Working with TAC but looking for anyone else who may experienced what I am seeing.
We currently 1 3400 (lets call it M3-RAP1 serving about 150 RAPS (50/50 mix of RAP 2s and RAP 3s) as a primary LMS and our master controller (which also serves our wireless environment, call it N8-CON1). We ordered 2 new 3400s (call them M4-RAP1 and M4-RAP2) to set up as a cluster and do carrier redundancy through BGP, eventually we will take the existing 3400 (M3-RAP1) and put it in DR.
I had to get the configuration from the existing cluster over to the new cluster (M4-RAP1 and M4-RAP2) so I added them as local controllers to N8-CON1. I then detached them and created the new cluster. I created a new profile with the VRRP address of the new cluster as the primary LMS and the IP, which is assigned right on the physical interface, M3-RAP1 as the backup LMS. For licensing reasons I upgraded the new cluster to 6.3.1.8 whereas the old cluster is on 6.2.1.7. I didn’t want to install 2 sets of 150 licenses on each controller when we have plans to migrate to 6.3 in the near future anyway.
With all basic connectivity in place and the configurations matched up (including the whitelists) I changed the profile of a RAP from the CLI. The change took, the RAP connected to the new controller and started upgrading, then rebooted the went down. I have also seen this behavior on the old cluster. It seems to bounce back and forth. The RAP shows up in the AP database on the new cluster so I know it is connecting, it just wont come up on the new cluster.

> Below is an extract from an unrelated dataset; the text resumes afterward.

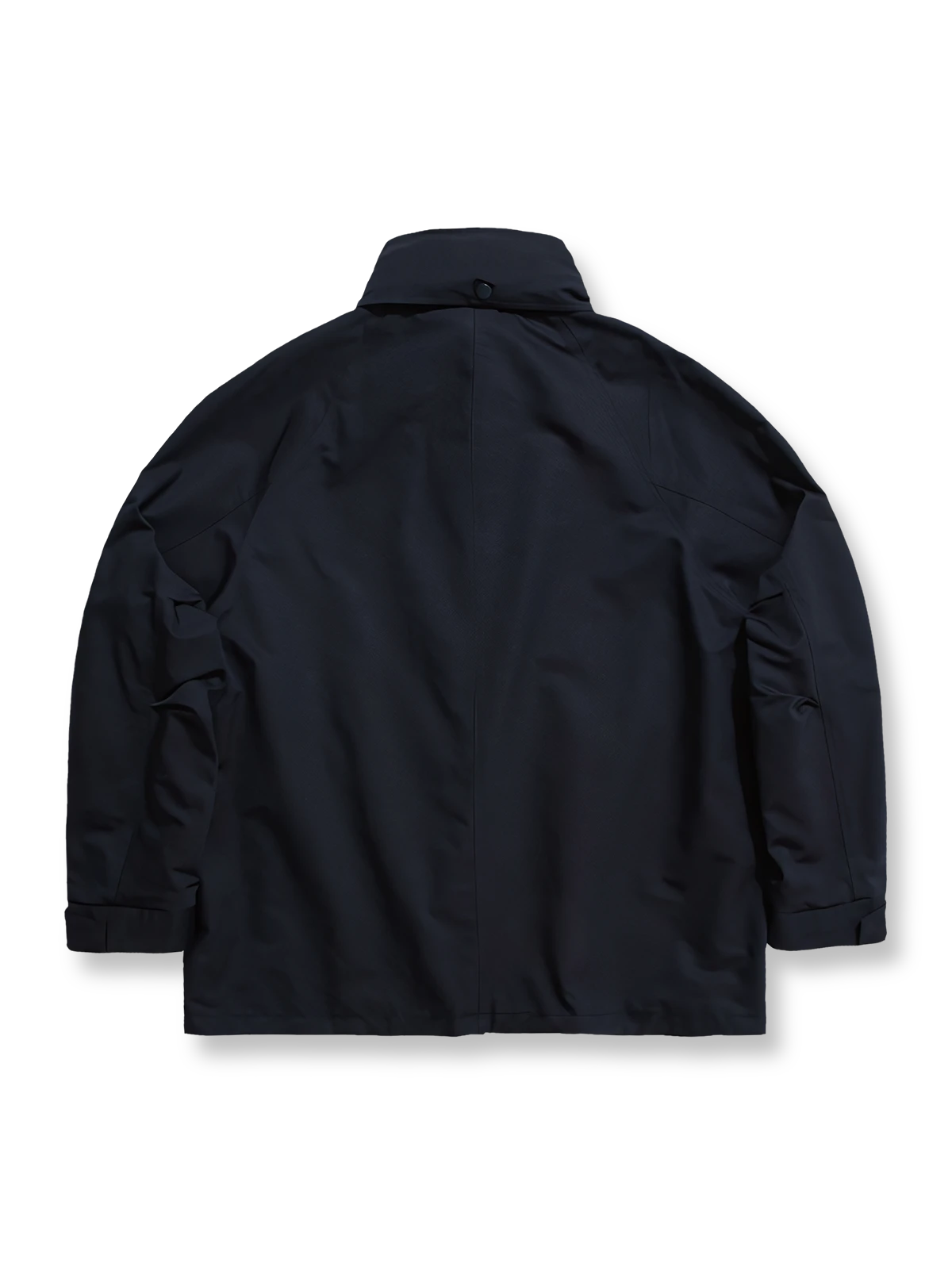 製品画像: 収納可能なフードデザインとシンプルなオーバーシルエットが特徴のヴィンテージ風マウンテンパーカー全体展示、コットンポリエステル混紡素材で耐久性と柔らかさを兼ね備えたデザイン
詳細画像: 収納可能なフードと斜めポケットディテール、裾と袖口のデザイン特写、風を防ぎ暖かさを保持する機能的なディテール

If I hard reset the RAP and enter the LMS of the new cluster it connects no issue. I started looking at the configuration of the profile and child objects and noticed a few small inconsistencies and fixed them. To fully test this I created a brand new profile and only changed the LMS and backup LMS IPs. I also tried removing the backup LMS to make sure it just connected to new cluster. An interesting behavior I noticed here, even though the backup LMS was not defined in the system profile, the RAP connected back to the original LMS. It continues to go through the upgrade, reboot down cycle but it still found it’s way back. I tried changing the LMS IP (without backup) to the IP on M4-RAP1 to eliminate the VRRP as an issue, no dice. I also changed the LMS IP to the public IP of each respective controller. For example, on M4-RAP1 the LMS is 1.2.3.4 for the TEST AP group and it is 4.3.2.1. for M3-RAP1. Since the clusters are separate there is no sync, I have been careful to perfectly replicate any changes on either cluster to the other.
I can easily (from an engineers perspective) fix this problem by resetting the RAP. The problem is that they are deployed to non-technical individuals at their homes and our track record is not great right now so we need a zero touch solution.
Thanks in advance!